The key point is that it's the mask that blows up, not the attention math. mx.fast.scaled_dot_product_attention already knows how to apply a causal mask cheaply: pass it mask="causal" and it never materializes a dense tensor at all. The trouble is that qwen3.py builds the full (B,1,S,S) array by hand and hands that to SDPA, so it never reaches the cheap path. (The top-level Model.__call__ fills in an all-ones mask whenever the caller doesn't supply one, so even a single unpadded sequence ends up on the expensive branch.)

This has been the behavior since the file was first added in #34.

The fix

When there's no padding to worry about, pass mask="causal" and let the fused kernel do the work. When the batch genuinely has padding, build the dense mask exactly as before — that path is left untouched.

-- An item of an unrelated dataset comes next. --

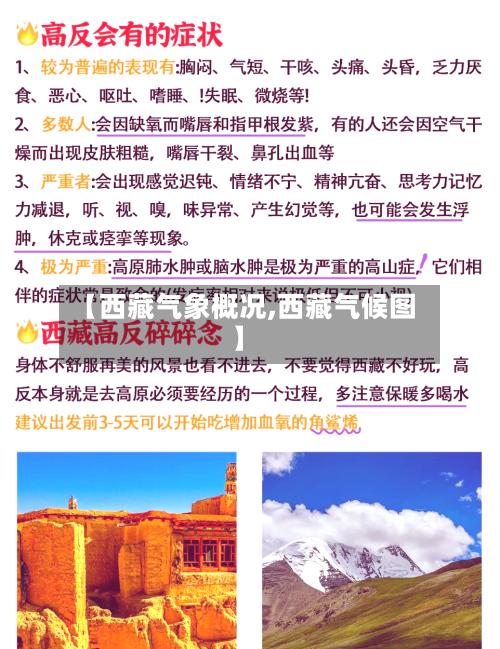 【西藏气象概况,西藏气候图】-第3张图片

Concretely, Qwen3Model.__call__ now looks at the 2D mask:

  • no mask, or an all-ones mask (nothing is padded) → "causal", the cheap fused path;
  • any zeros (real padding) → the original dense mask.

This is already how the rest of the package handles causal masking — lfm2.py, gemma3_text.py, siglip.py, and others all pass "causal" to the fused kernel. The only thing changing here is which mask value qwen3.py hands over; the attention call itself is the same, and there's no new dependency.

For the unpadded case the result is identical to the old code. The model only ever does square self-attention (query and key lengths are always equal), and for that a causal mask and a lower-triangular mask are the same thing — so the output matches the old dense path bit-for-bit (max|delta| = 0.0) on the versions I tested. It isn't an approximation.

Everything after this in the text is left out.